Today was a last lab. Well... more like a last lecture that took place in the lab room. Weird? Yes. Fun? Hells yeahs. For my ethnobotany class the last lecture was a "Food lab" aka party. We ate at least one thing from every (edible) plant family we learned about over the course of the semester. Most things were delicious... one thing was not. It smelled like vomit, but no self respecting botanist, or botanist-to-be, can approach any edible fruit and pass judgement without trying it at least once. Apparently this is the rule... or so my TA told me. Sounds like a good rule. How can you fully study and understand something unless you give it the benefit of the doubt?
The fruit I sampled was Durian (Durio zibetninus). The durian is the fruit of trees of the genus Durio belonging to the Malvaceae, a large family which includes hibiscus, okra, cotton, mallows and linden trees. Widely known and revered in Southeast Asia as the "King of Fruits," the fruit is distinctive for its large size, unique (insert repulsive) odor, and formidable thorn-covered husk. The fruit can grow up to 30 centimetres (12 in) long and 15 centimetres (6 in) in diameter, and typically weighs one to three kilograms (2 to 7 lb). Its shape ranges from oblong to round, the color of its husk green to brown, and its flesh pale-yellow to red, depending on the species. The hard outer husk is covered with sharp, prickly thorns while the edible flesh within emits a distinctive odor. This odor is regarded as either fragrant or overpowering and offensive. The odor of the ripe fruit is strong and penetrating even when the husk is intact. Due to the unusual odor, the durian is forbidden from certain establishments such as hotels and public transportations in Southeast Asia (because it'll make you want to die). The odor has prompted many people to formulate evocative descriptions with views ranging from those of deep appreciation (I'd really like to meet this person) to intense disgust (general response).

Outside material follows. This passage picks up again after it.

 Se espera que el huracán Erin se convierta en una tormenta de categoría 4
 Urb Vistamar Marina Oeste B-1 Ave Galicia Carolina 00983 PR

Upon my challenge to eat this 'delightful' specimen I promptly plugged my nose, swallowed my pride and ate it. Immediately I gagged on the warm custard like consistency and repulsive flavor. But I swallowed it, bringing tears to my eyes. The taste was somewhere between rotten meat and vomit mixed with a hint of death. It had to be the most disgusting thing I've ever placed in my mouth, let alone eaten. I've licked some gross shit in my days... but never have I ever felt like I was going to throw up my intestines as a gag response to something. If ever I had to design an initiation for someone, this would be it. Perhaps that's why I was challenged... in that case, I suppose I've been hazed into the botany family of flowerly love. Hell yeah. Today I'm a bad ass.